When this man gets before an unsympathetic panel, we see exactly how these unconscionable policies play out as his opposition to hospital policy is quickly written off as denial and justified fears of incarceration in a place that resembles a medieval dungeon is termed paranoid schizophrenia. God only knows what happened to him.

But I’m getting far afield into a subject I’m no expert on. Please see the full “Titicut Follies” if you ever get a chance (an expose labeled by a court as an invasion of patient privacy, it was long banned and only received a home video release in 2007) A little more readily available is Martin Scorcese’s recent pulp-fiction fantasia “Shutter Island” which features a haunted WWII vet turned Fed agent (Leonardo DiCaprio) investigating a missing patient/inmate at the titular asylum. I was a bit skeptical, if only because as a former location scout I scoffed at the computer-generated Alcatraz-on-steroids that is supposed to sit at the outer reaches of Boston Harbor. Granted, some real harbor locales were used as well, esp. the old Fort Andrews on Peddock’s Island. Although a bit too lurid for its own good (apparently to hold the attention of sensory-overloaded 21st century viewers) Scorcese does touch upon the insidious, Catch-22 methods of so long used by such institutions.

I wonder why these places always seem to be looming just over my shoulder. In my hometown of Salem, Mass. there were once shaded walks that led from the various institutions on the base of Salem Neck out to its point. For the last century it’s been the location of Willows Park, long loved by area residents for its eateries, arcades, kiddie rides and breezy outlooks to Beverly Harbor and the Atlantic. The name of the park suggests the former utility of the giant trees for shading convalescing patients on a stroll from the nearby facility. The first was the charmingly named Pest House for smallpox sufferers in the 1700s (way before the park and its famous chop suey sandwiches). Various almshouses also stood there over the long stretch of the 19th century. My father remembers the poor farm that was in the area when he was a kid. Later, only one building remained, one of the lesser-known works of architect Charles Bullfinch, designer of the Mass. State House and the U.S. Capitol expansion. It was known in its final incarnation as the Chronic Care and Rehabilitation Hospital. My father’s grandmother was a patient there in her last years and the place closed in 1970 and stood there at least until the mid-80s as the date stamp on the back of this photo I took was 1983.

Pest House

When it came time to break ground for the inevitable condo development a few years later, a local resident protested to builders and city officials that they would disturb the pauper’s cemetery on the edge of the property. As recently described by this longtime Salem resident in an online town forum, the sad neglect of this graveyard meant it was known mostly to local kids who explored the vacated shoreline of the cove there. Met with denial by the authorities, the resident who posted this comment claims he was later vindicated when the excavator started digging up human bones!

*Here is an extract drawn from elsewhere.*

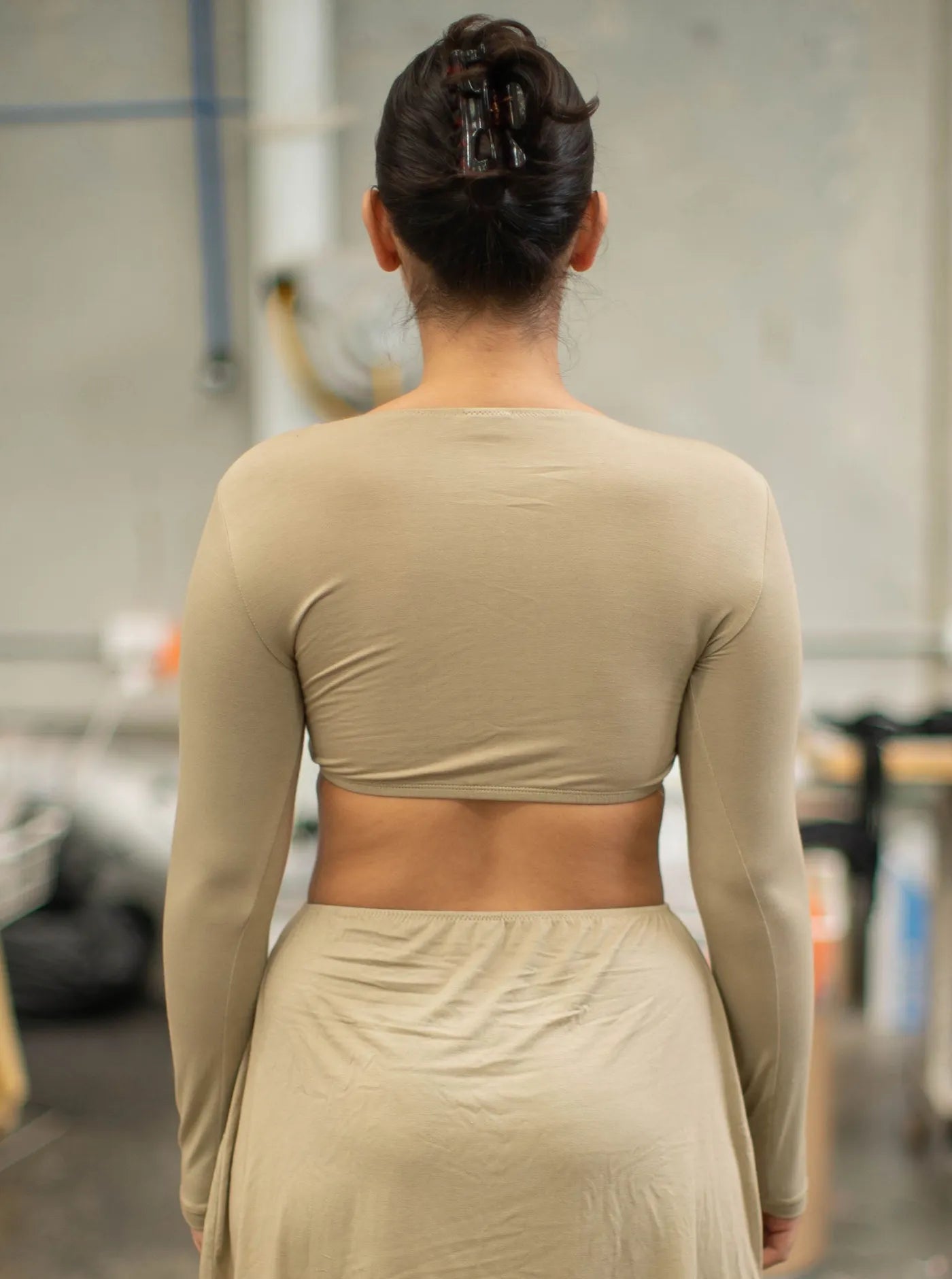 Charlotte Crop Top Toast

But my childhood visit to see my great-grandmother was not the last time I set foot inside that building on the Pest House site. In 1977, an older friend in a clique I ran with at the time headed an obscure youth-services program out of a first floor office. The rest of the building was empty. As one of the few events this friend ever managed to pull together, she screened a movie against a sheet affixed to the back of the building. We sat probably a stone’s throw away from the cemetery that remained undetected in the pale beyond just behind us. The film was “Night Watch” a 1967 chiller starring Elizabeth Taylor as a woman who has seen a terrible crime that no one wants to hear about. The guy who wrote that post must know the feeling.